Small Grant: ProofChain

(Pre S ig?: This is a Sia contained project, since there were doubts about the cross-chain integration, and I was told there would be a meeting next week)

Introduction

Project Name:
ProofChain: Verifiable AI Training with Sia

Name of the organization or individual submitting the proposal:
Hridyansh (Independent Researcher & Builder)

Describe your project.
ProofChain is a cryptographic provenance framework that enables AI developers to prove their models were trained on specific datasets. The system uses dataset hashing, Merkle commitments, and decentralized storage on Sia to anchor training data in a tamper‑proof, user‑owned environment. Training attestations (dataset hash, code hash, model weights hash) are then published as verifiable certificates, ensuring transparency and compliance without exposing sensitive data.

The MVP will demonstrate:

  • Dataset commitment and storage on Sia.
  • Training attestation generation.
  • A public registry of provenance certificates stored on Sia.

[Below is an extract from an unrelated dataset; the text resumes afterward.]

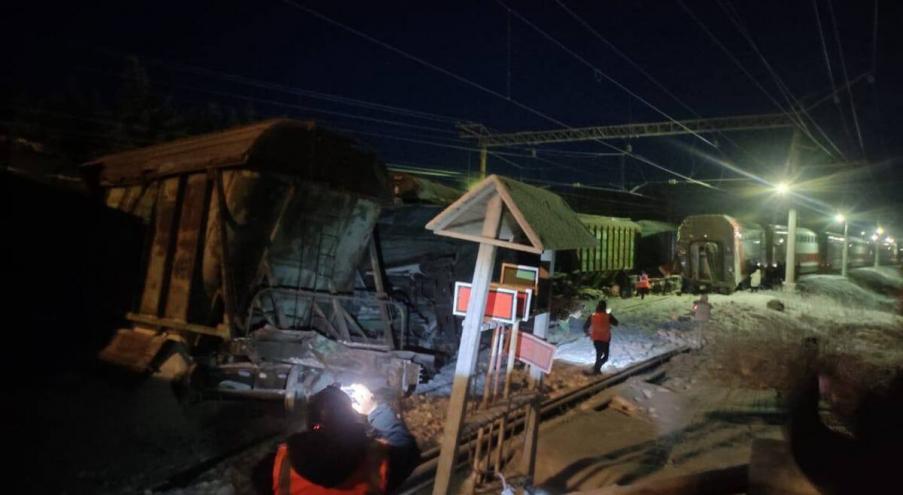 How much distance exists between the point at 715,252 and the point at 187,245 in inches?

How does the projected outcome serve the Foundation’s mission of user-owned data?
This project directly advances the mission of user‑owned data by:

  • Ensuring datasets remain under the control of their owners, encrypted and sharded across Sia’s decentralized network.
  • Preventing centralized platforms from monopolizing AI provenance by anchoring proofs in a user‑owned, decentralized storage layer.
  • Empowering developers and organizations to prove compliance and transparency without ceding control of their data to third parties.

By making Sia the backbone of AI provenance, we extend its role from decentralized storage to decentralized trust infrastructure.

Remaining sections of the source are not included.